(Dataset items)
=== Begin Enclosure ===

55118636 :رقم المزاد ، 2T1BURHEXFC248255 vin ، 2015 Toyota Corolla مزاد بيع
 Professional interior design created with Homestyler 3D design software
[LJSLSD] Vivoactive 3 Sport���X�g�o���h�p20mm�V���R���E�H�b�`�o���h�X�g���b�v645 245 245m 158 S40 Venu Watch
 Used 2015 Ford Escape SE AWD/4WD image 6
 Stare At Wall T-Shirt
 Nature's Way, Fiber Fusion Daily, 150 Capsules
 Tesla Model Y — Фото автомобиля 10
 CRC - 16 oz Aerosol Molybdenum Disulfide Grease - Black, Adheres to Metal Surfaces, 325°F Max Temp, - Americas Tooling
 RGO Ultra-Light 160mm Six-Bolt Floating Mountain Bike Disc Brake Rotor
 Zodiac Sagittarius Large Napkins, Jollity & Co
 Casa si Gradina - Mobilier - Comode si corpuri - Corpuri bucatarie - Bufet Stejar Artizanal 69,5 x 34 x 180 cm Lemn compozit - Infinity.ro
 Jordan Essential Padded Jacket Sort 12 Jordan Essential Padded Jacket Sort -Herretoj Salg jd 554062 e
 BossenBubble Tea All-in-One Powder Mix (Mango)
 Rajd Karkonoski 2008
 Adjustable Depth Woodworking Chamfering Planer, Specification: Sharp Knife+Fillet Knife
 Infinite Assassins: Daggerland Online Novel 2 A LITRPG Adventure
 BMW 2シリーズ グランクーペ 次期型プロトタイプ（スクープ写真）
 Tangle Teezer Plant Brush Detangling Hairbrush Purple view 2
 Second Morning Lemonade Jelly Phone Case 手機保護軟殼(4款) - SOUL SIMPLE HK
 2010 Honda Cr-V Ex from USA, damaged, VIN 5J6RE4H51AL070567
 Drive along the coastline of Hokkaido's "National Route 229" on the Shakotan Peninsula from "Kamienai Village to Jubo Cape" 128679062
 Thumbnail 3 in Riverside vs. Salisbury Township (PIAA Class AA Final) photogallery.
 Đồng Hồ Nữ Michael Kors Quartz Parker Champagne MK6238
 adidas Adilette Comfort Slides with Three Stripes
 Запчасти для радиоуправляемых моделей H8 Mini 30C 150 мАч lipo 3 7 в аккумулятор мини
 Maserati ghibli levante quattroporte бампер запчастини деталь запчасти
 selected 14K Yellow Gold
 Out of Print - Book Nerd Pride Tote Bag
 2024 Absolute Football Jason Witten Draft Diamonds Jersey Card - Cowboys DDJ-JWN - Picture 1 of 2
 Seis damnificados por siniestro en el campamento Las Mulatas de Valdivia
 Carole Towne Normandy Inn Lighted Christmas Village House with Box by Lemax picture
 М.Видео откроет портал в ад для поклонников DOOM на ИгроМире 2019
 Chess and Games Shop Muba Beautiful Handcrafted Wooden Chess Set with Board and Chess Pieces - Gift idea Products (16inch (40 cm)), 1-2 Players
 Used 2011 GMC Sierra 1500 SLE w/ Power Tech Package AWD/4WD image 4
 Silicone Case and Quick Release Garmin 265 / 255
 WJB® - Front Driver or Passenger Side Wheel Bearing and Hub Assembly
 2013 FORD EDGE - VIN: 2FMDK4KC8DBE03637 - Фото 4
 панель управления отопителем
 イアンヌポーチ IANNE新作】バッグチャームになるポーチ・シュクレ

=== End Enclosure ===

**ACTION ITEM**
From the records above, transcribe exactly the run of lines that opens with the line holding "2024 Absolute Football" and closes with the line holding "Carole Towne Normandy", both included.

**WRITTEN ANSWER**
 2024 Absolute Football Jason Witten Draft Diamonds Jersey Card - Cowboys DDJ-JWN - Picture 1 of 2
 Seis damnificados por siniestro en el campamento Las Mulatas de Valdivia
 Carole Towne Normandy Inn Lighted Christmas Village House with Box by Lemax picture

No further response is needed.